Word for word, transcribe the lines below and drop the pictures.

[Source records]
------------------------------------

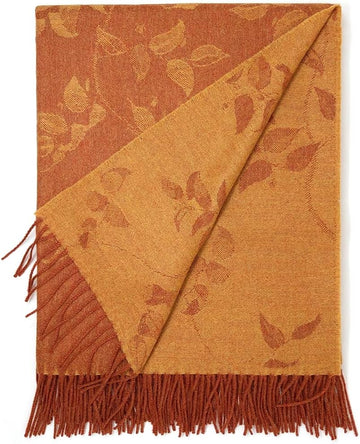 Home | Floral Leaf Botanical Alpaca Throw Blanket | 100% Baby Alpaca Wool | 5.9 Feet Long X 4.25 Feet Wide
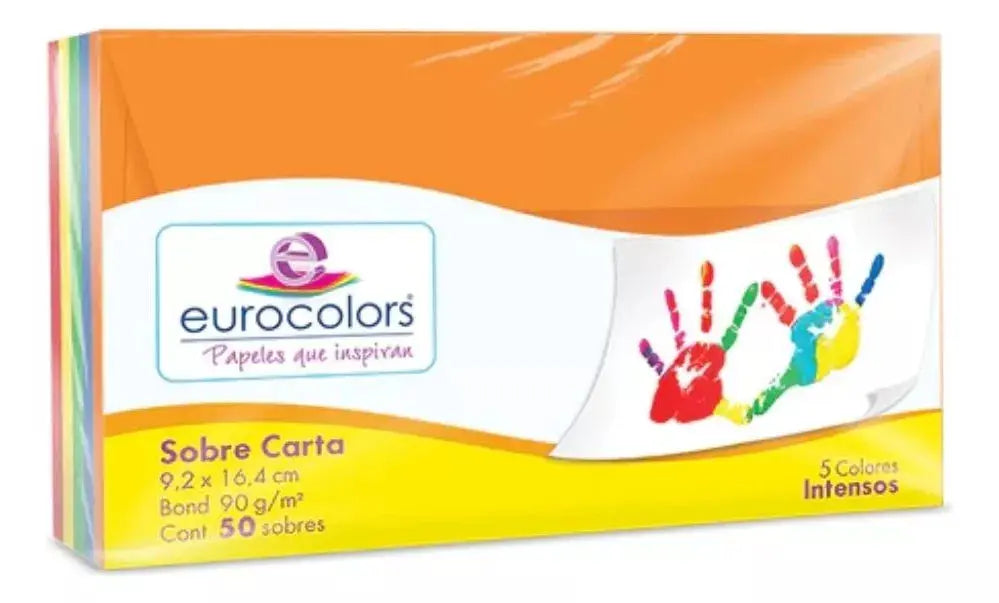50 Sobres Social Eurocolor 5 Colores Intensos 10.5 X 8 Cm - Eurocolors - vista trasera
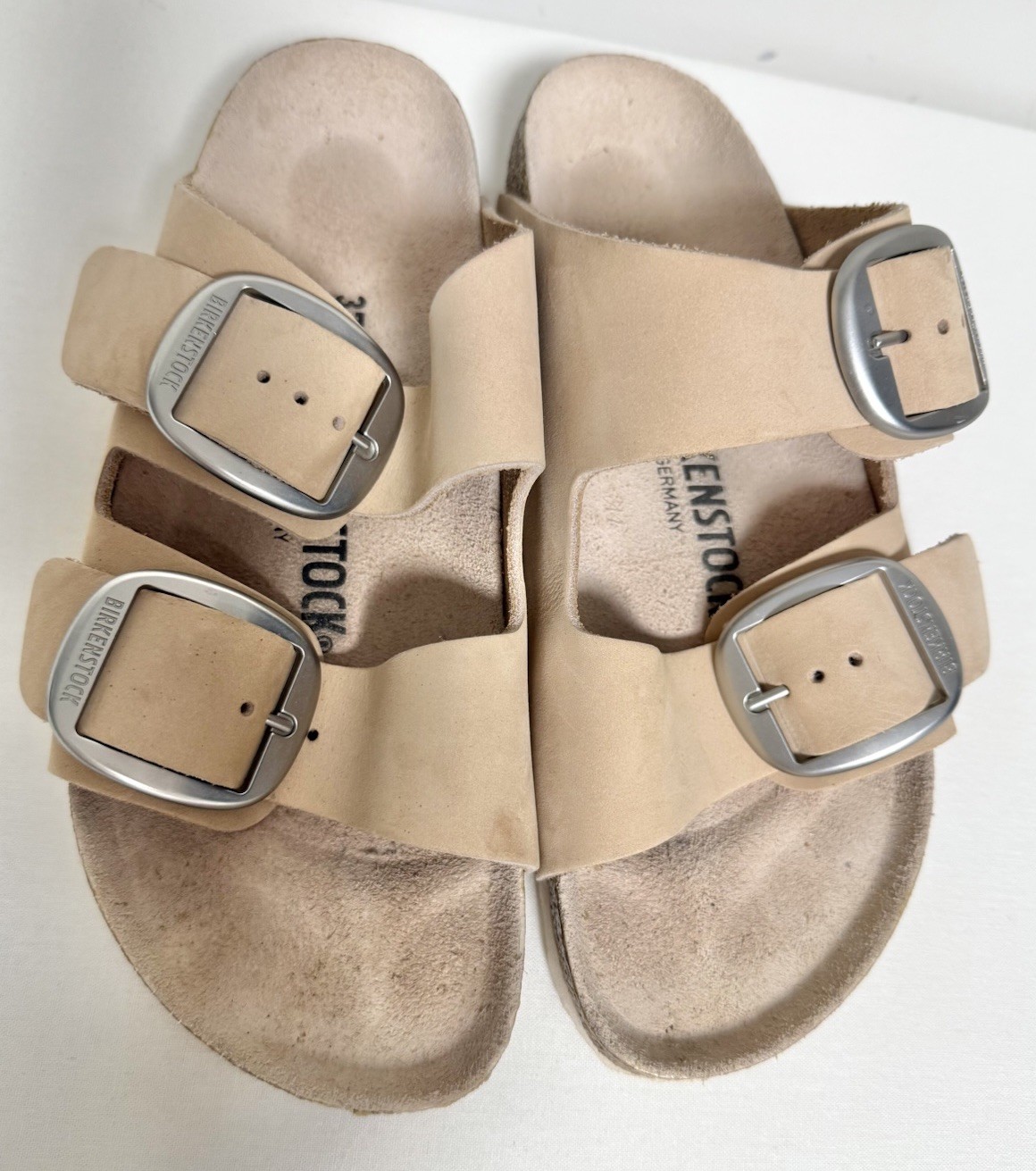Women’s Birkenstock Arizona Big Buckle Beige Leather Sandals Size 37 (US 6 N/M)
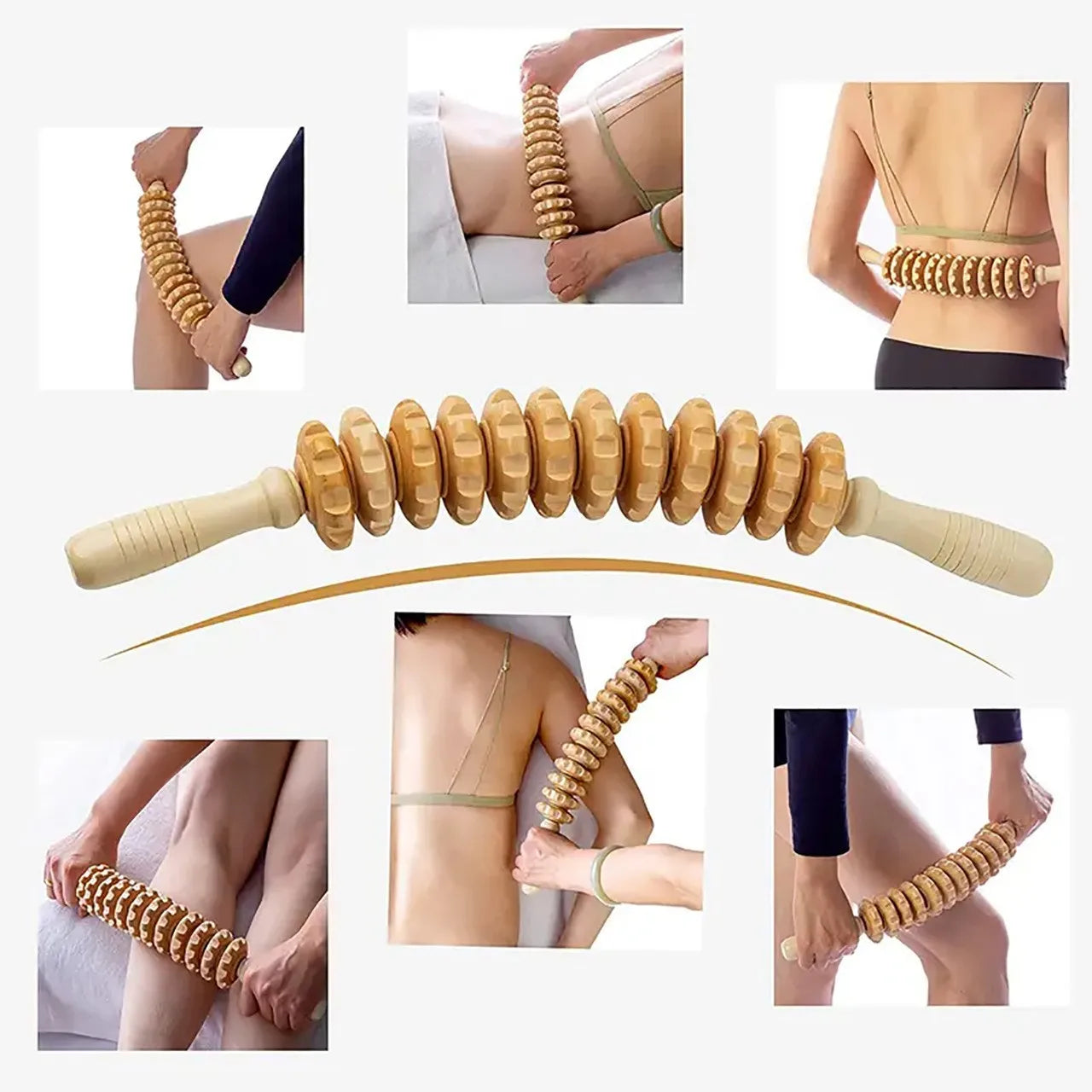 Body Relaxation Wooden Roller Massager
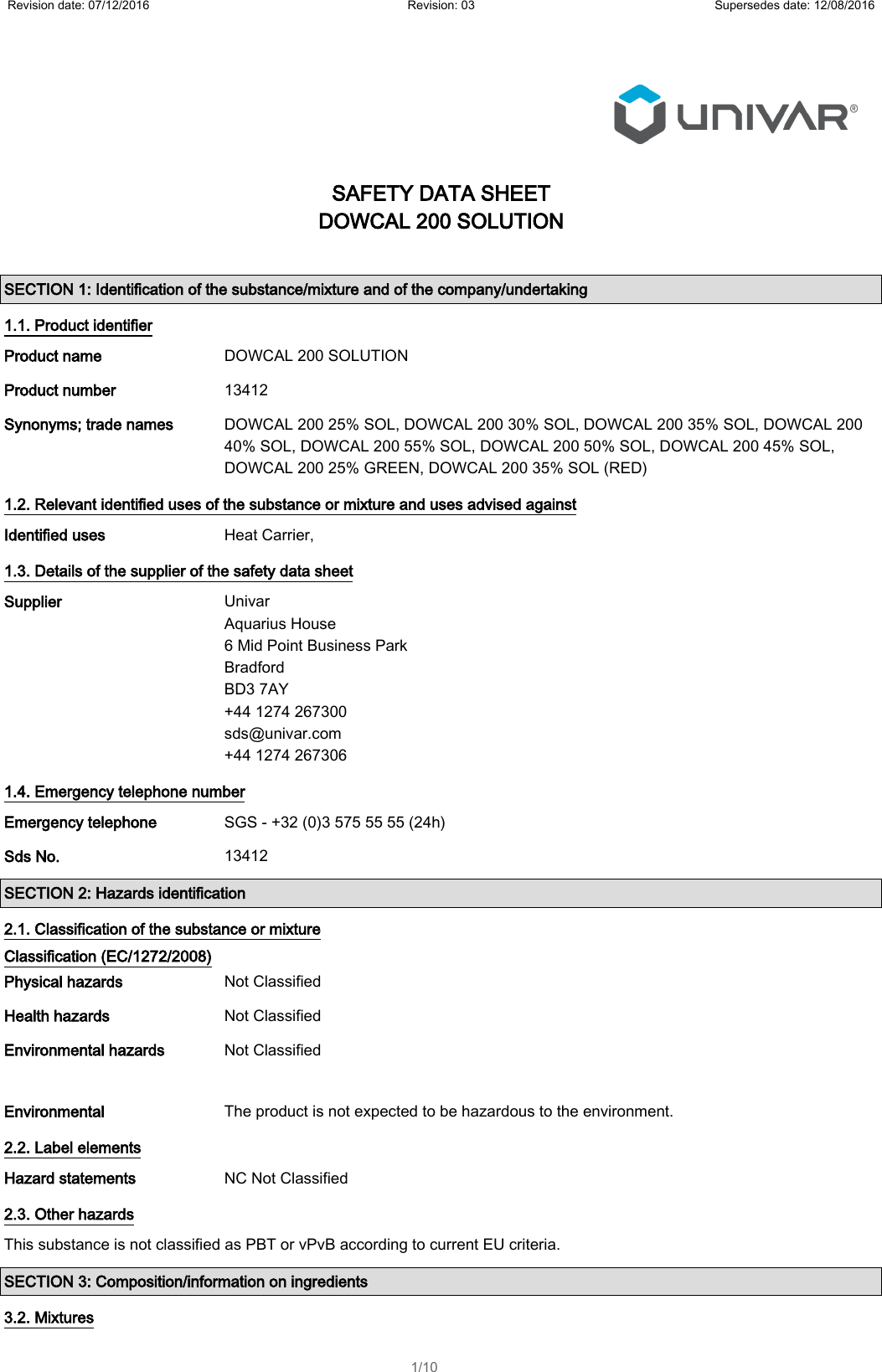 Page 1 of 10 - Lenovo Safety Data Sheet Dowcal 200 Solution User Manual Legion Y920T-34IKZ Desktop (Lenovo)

------------------------------------

# RESPONSE TO THIS EXERCISE:
 Home | Floral Leaf Botanical Alpaca Throw Blanket | 100% Baby Alpaca Wool | 5.9 Feet Long X 4.25 Feet Wide
50 Sobres Social Eurocolor 5 Colores Intensos 10.5 X 8 Cm - Eurocolors - vista trasera
Women’s Birkenstock Arizona Big Buckle Beige Leather Sandals Size 37 (US 6 N/M)
 Body Relaxation Wooden Roller Massager
 Page 1 of 10 - Lenovo Safety Data Sheet Dowcal 200 Solution User Manual Legion Y920T-34IKZ Desktop (Lenovo)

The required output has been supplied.